I think, and the other students notice it, too, that her writing is permeated by beauty over frustration. She writes so well, one might assume because of passion and integrity. But I have passion and integrity, too, and where does that get me? Labeled as arrogant is all, and alone. I suppose it’s about as lonely and isolating as not speaking the language of the land you’re in, but you hope in that other circumstance there remains the mysticism of discovery, or at least the obvious route of escape. For me there’s only years of letdowns, my adolescence into my waking life, of conversational successes mired by literary failures.
The cold wind of Boston winters blows through the Public Gardens and against my wool coat. I can feel its malevolence despite scientific objectivity having drowned out the world; the wind wants to bite my skin, wants to punish me for protecting myself from its harshness. Nature wants, like all life, love, to receive love as it exists, to receive without bending. My coat speaks for me my refusal of the unspoken request. My hands hide inside my pockets’ cashmere lining, helping the buttons to hold the coat in place. I had felt so sexy the day I bought this coat, had looked at myself in mirrors to memorize the way it weight and thickness complemented my girth rather than hid it, the day I thought there might be something to expensive designer labels after all. I remember the deflation upon coming home, of Sarah meh-ing her apathetic approval.

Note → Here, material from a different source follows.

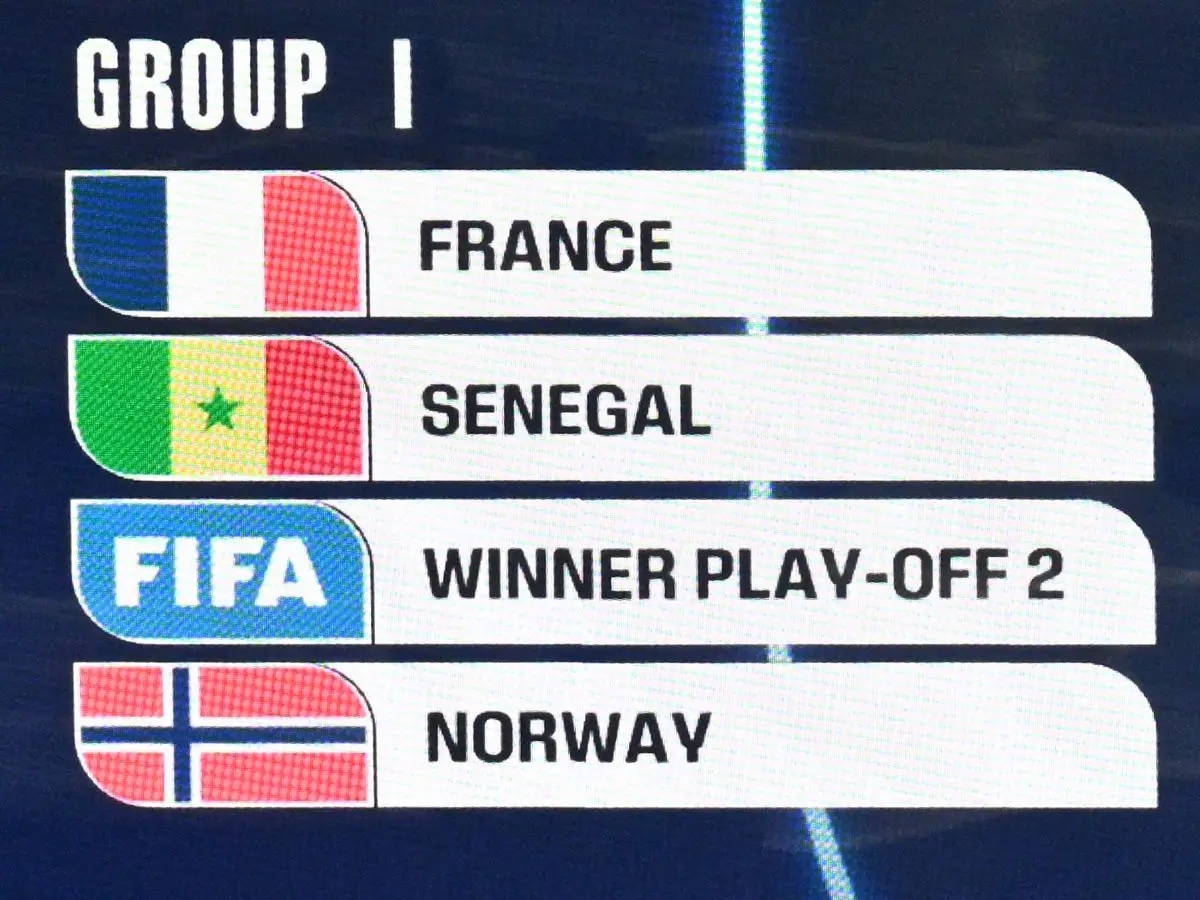 FIFA World Cup draw: France’s Deschamps excited by Mbappe-Haaland group stage clash FIFA World Cup draw: France’s Deschamps excited by Mbappe-Haaland group stage clash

The wind cuts through my khakis instead since they’re exposed underneath the three-quarters coat. I’ve worn my Starbucks uniform to class for the last few weeks, thin-material long-sleeved block polo with dark khaki pants. Since money from Fidelity finally ran out and Sarah started asking me to pay her back for mostly legitimate expenses—to which I did not contributing but neither, really, did she—I had to get the job, and now I’m at class and at work, never at home. Sarah misses me, comes to Starbucks sometimes to sit with me, but I’ve had years to resent her attention, loath her presence. The absence of both in preference to her laptop drove me into romantic despair. World of Warcraft didn’t help on that topic, though it did relieve some of the years’ boredom.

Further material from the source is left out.